Biden Hingga Putin Ucapkan Belasungkawa Atas Wafatnya Ratu Elizabeth

ANTARA FOTO/REUTERS/Toby Melville/Pool /WSJ/dj
Ratu Inggris Elizabeth saat menghadiri upacara peringatan ulang tahun ke-94 dirinya di Istana Windsor di Windsor, Inggris, Sabtu (13/6/2020).
Penulis: Happy Fajrian
9/9/2022, 07.30 WIB

Ratu Elizabeth II meninggal dunia di rumahnya di Skotlandia pada Kamis (8/9). Berita itu mengejutkan tidak hanya warga Inggris, dengan belasungkawa mengalir dari para pemimpin di seluruh dunia.

“Warisannya akan tampak besar di halaman sejarah Inggris, dan dalam kisah dunia kita,” kata Presiden Amerika Serikat (AS) Joe Biden dalam sebuah pernyataan, seperti dikutip Reuters, Jumat (9/9). Dia memerintahkan pengibaran bendera setengah tiang di Gedung Putih.

Di Paris, walikota mengumumkan lampu Menara Eiffel akan dimatikan untuk menghormati kematian sang ratu. Sementara di Brasil, pemerintah mengumumkan tiga hari berkabung. Serta Majelis Umum dan Dewan Keamanan Perserikatan Bangsa-Bangsa sama-sama hening sejenak.
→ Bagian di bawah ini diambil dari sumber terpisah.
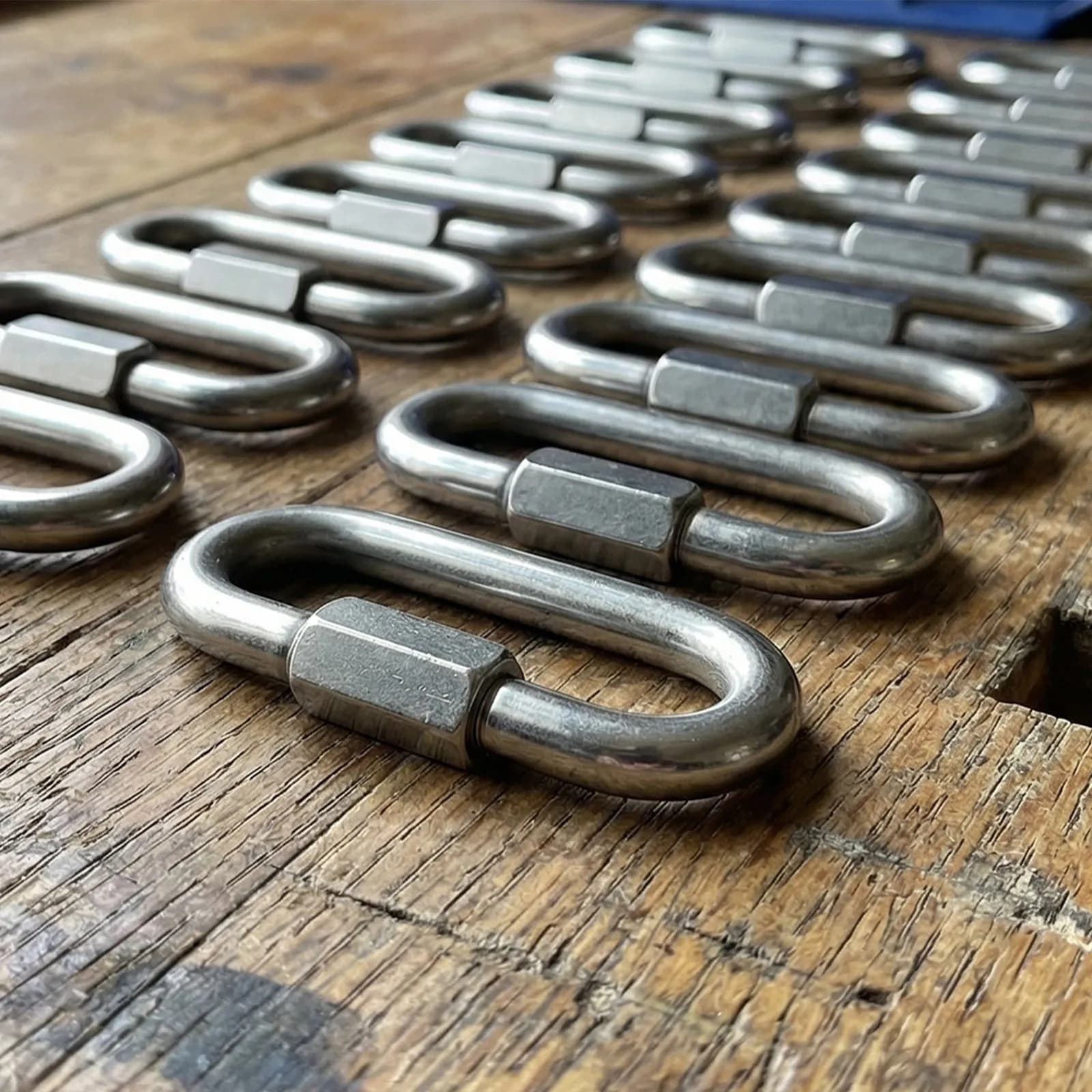 20Pcs Chain Quick Link Heavy Duty Lock Buckle Carabiner Clip for Outdoor Hardware Marine Hiking Backpack Hammock Connection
Bahkan Presiden Rusia Vladimir Putin, yang hubungan negaranya dengan Inggris memburuk akibat perang di Ukraina, menyampaikan belasungkawa. Putin menyebut menyebut kematian Ratu Elizabeth sebagai kehilangan yang tidak dapat diperbaiki.

Ratu Elizabeth II, yang juga merupakan kepala negara tertua dan terlama di dunia, naik takhta setelah kematian ayahnya Raja George VI pada 6 Februari 1952, ketika dia baru berusia 25 tahun.

Dia dimahkotai pada bulan Juni tahun berikutnya. Penobatan pertama yang disiarkan di televisi adalah pendahuluan dari dunia baru di mana kehidupan para bangsawan menjadi semakin diteliti oleh media.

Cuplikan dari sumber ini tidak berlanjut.